Working Out

Well it seems we have another philosophical post. This blog will end up mirroring my experience figuring out what it means to be twenty. And I guess a lot of that is philosophical questions and deep thinking. Oops. Hopefully, dear readers- if anyone does actually read this- you will not mind too terribly much. Maybe my philosophical quandaries will actually be amusing. Anyhow, on with the post.

I spent a decent time in my childhood in art museums and galleries. My parents would love to look at western art and, not wanting to get a babysitter, would bring my brother and I along. Though I don’t have many memories of those early years, I’m sure I thought it was tedious. Just looking at art, standing what seemed like forever, and being told by every single paranoid adult there, “no touching”. But I’m proud to say my parents raised me on the principle that if you didn’t like something and couldn’t change your situation, you could always change your outlook. And I think that advice might’ve worked.

I recently found myself at the Passport to Paris exhibit at the Denver Art Museum just an hour away and I loved it. The exhibit featured expressionist artists like Monet, Manet, Degas, and Picasso. Pretty big names in the art world but I’ve never appreciated their expressionist work. What is expressionism anyways? It’s like painting with feelings and emotions and lacking technical skill. Sure, it produced Starry Night -arguably one of Van Gogh’s best works. But still, it’s … imprecise. But that was exactly the point of expressionism it turns out. Expressionism is a big deal because its the first time anyone painted with emotion and expression period. It’s the triumph of revolution in French cultural and political movements.

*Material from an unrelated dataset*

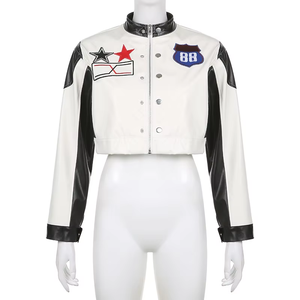 Blouson court de moto pour femme, style streetwear, en toile et cuir, imperméable, coupe-vent et respirant - Product Image 1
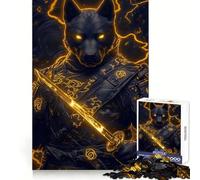 Rompecabezas de 1000 Piezas con diseño de Perro Rottweiler samurái y Katana para Adolescentes Ideal para Mejorar la Memoria, Relajarse, Jugar con precisión y Estilo Regalo Elegante (50x75cm)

And that’s like working out?! Right?

… wrong.

Art and working out don’t have a lot of over lapse. First off, I love art and don’t really feel up to working out. However, if I teach myself to appreciate art, I can teach myself to appreciate working out. It’s hard. And it’ll kick my ass. And I’m really not looking forward to that burning feeling. But I know there is a lot about my body that I don’t know. And that the further I get the more I’ll learn to appreciate what I’m trying to do. And then eventually I’ll convince myself it’s worth it. Happy Friday all. Be good people do good things.